Papers

Anti-austerity Politics: Marxism, Materialism, and the Scope of the Political

Presented at the Association for Political Theory, October 2014. Full paper.

For many post-Marxists, the political is a vitally important category and it is established, and must be defended, by maintaining the specificity of the political, by preventing its colonization by other categories. The authors I have in mind here include Alain Badiou, Ernesto Laclau, Chantal Mouffe, and Jacques Rancière, as well as more recent work by Jodi Dean and Peter Hallward. In very general terms, all these authors share a concern with something encroaching on the political, whether that is a theoretical encroachment of Marxist economic determinism, or a practical encroachment of neoliberal marketisation. In either case, these authors assert the separateness of the political as a way of ensuring a space for human agency against the realm of necessity.

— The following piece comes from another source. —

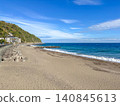 A beach scene in Atagawa, Shizuoka, Japan 140845613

The problem is that this insistence on the separateness of the political leads to a narrow and abstract understanding of politics, which cuts politics of from the world in which it is supposed to act. Instead of all the complex considerations we encounter when we engage in political activity, these approaches reduce politics to some formal criteria, such as ‘contestation’ or ‘the incompleteness of the social’. It is because of this reductionism that I refer to approaches to the political which concentrate on its separateness as ‘austere’. In this paper, I attempt to find what we might call an ‘anti-austerity’ conception of politics. A turn to the sensuous or phenomenological, I argue, helps us to understand the richness of politics, that is to say, the multiple varying factors that come together to form the space in which we can take political action.